This is a mobile version, full one is here.
14 November 2014
Hits-of-Code Instead of SLoC
Lines-of-Code (aka SLoC) is a metric with a terrible reputation. Try to google it yourself and you'll find tons of articles bad-mouthing about its counter-effectiveness and destructiveness for a software development process. The main argument is that we can't measure the progress of programming by the number of lines of code written. Probably the most famous quote is attributed to Bill Gates:
Measuring programming progress by lines of code is like measuring aircraft building progress by weight
Basically, this means that certain parts of the aircraft will take much more effort at the same time being much lighter than others (like a central computer, for example). Instead of measuring the weight of the aircraft we should measure the effort put into it... somehow. So, here is the idea. How about we measure the amount of times programmers touch the lines. Instead of counting the number of lines we'll count how many times they were actually modified—we can get this information from Git (or any other SCM). The more you touch that part of the aircraft—the more effort you spent on it, right?
I called it Hits-of-Code (HoC) and created a small tool to help us calculate this number in just one line. It's a Ruby gem, install it and run:
$ gem install hoc $ hoc 54687
The number 54687 is a total number of Hits-of-Code in your code base. The principle behind this number is primitive—every time a line of code is modified, created or deleted in a Git commit, the counter increments.
The main reason why this metric is better than LoC is that it is much better aligned with the actual effort invested into the code base. Here is why.
It Always Increments
The HoC metric always goes up. Today it can not be lower than it was yesterday—just like the effort, it always increments. Lines-of-Code is not acting like this. You may have a huge code base today, but after refactoring it will become much smaller. The number of lines of code is decreased. Does it mean you are less effective? Definitely not, but the LoC metric says so, to a non-programmer.

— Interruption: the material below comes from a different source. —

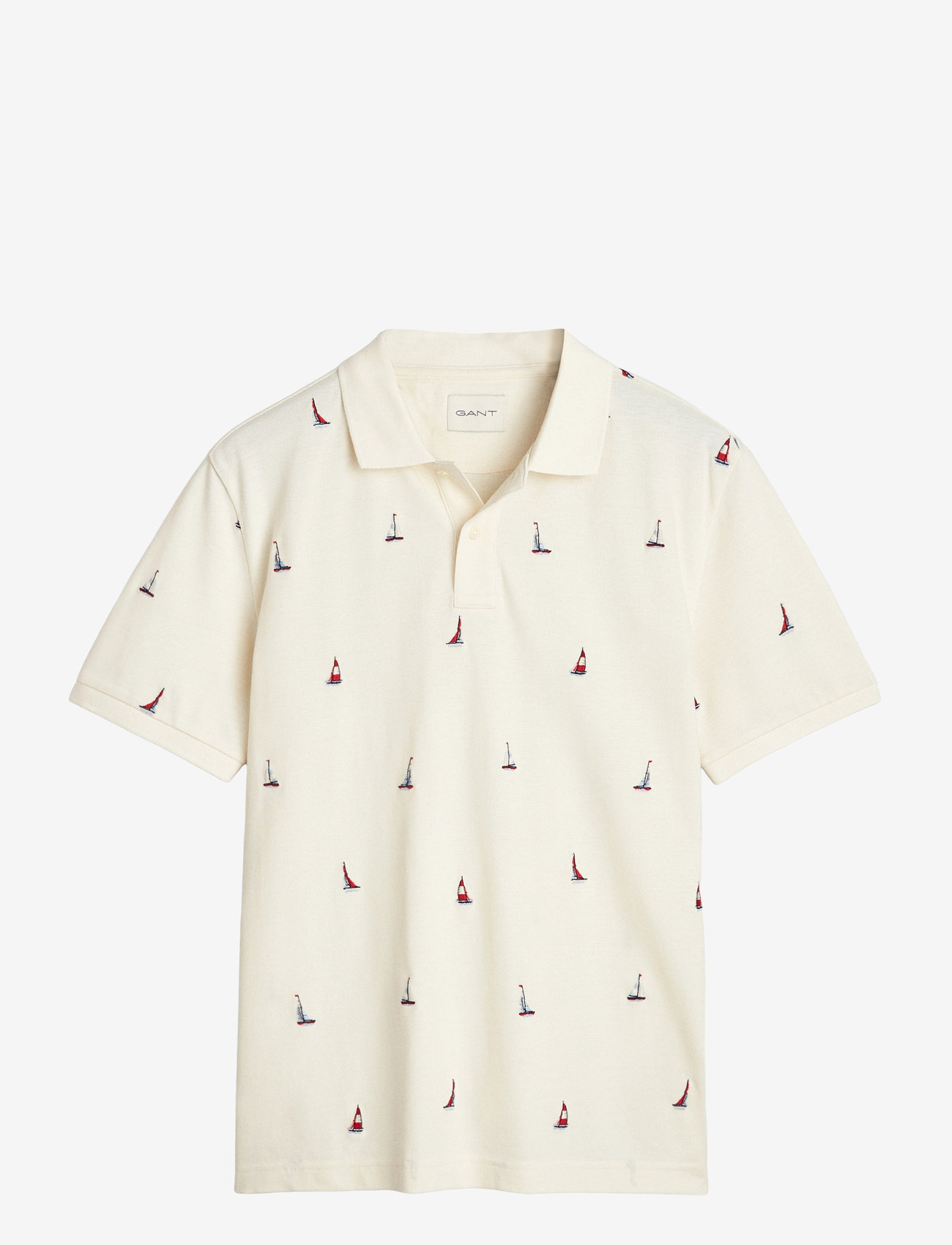 GANT - EMBROIDERED GRAPHIC POLO - kortærmede poloer - cream - 1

A project manager, for example, may decide that since the size of the code base stayed the same over the last month, the team is not working.
HoC doesn't have this counter-intuitive effect. Instead, HoC grows together with your every commit. The more you work on the code base, the bigger the HoC. It doesn't matter how big or small the absolute size of the your product. What matters is how much effort you put into it. That's why HoC is very intuitive and may be used as a measurement of software development progress.
Look at this 18-month graph; it shows both metrics together. I used the same Java code base of rultor, a DevOps assistant. The code base experienced a major refactoring a few months ago, as you see on the graph. I think it is obvious which metric on this graph tells us more about the efforts being invested into the product.
It Is Objective
For HoC it doesn't matter how big the absolute size of the code base, but only how big your relative contribution to it.
Let's say, you have 300K lines of code and 95% of them were copy-pasted from some third-party libraries (by the way, it is a very common and terrible practice—to keep third-party code inside your own repository). The amount of lines of code will be big, but the actual custom code part will be relatively small. Thus, the LoC metric will be misleading—it will always show 300K with small increments or decrements around it. Everybody will have a feeling that the team is working with 300K lines code base.
On the other hand, HoC will always take into account the part of code that is actually being modified. The value of HoC will be objectively correlated with the actual effort of programmers working with the code base.
It Exposes Complexity of Lines
LoC is usually criticized for its neutrality towards code complexity. An auto-generated ORM class or a complex sorting algorithm may have the same size in terms of lines of code, but the first takes seconds to write, while the second may take weeks or months. That's why lines of code is usually considered a false metric.
Hits-of-Code takes complexity into account, because the longer you work with that sorting algorithm the more modifications you make to its lines. Well, this statement is true if you use Git regularly and commit your changes frequently—that is how you tell Git about your work progress.
Finally, look at this list of open projects completed by our team over the last few years. Every project has two metrics: Lines-of-Code and Hits-of-Code. It is interesting to see how relatively small projects have very big (over a million) HoC numbers. This immediately reminds me how much time we invested into it and how old they are.
I used the HoC metric in this analysis: How much do you pay per line of code?. That post compares a traditional project that paid $3.98 per HoC and an open source one, managed by Zerocracy, that paid ¢13.
My conclusion is that this Hits-of-Code metric can be used as a tool of progress tracking in a software development project. Moreover, it can be used for estimations of team size, project budget, development schedule and so forth. Obviously, LoC can't be the only metric, but in combination with others it may greatly help in estimating, planning and tracking.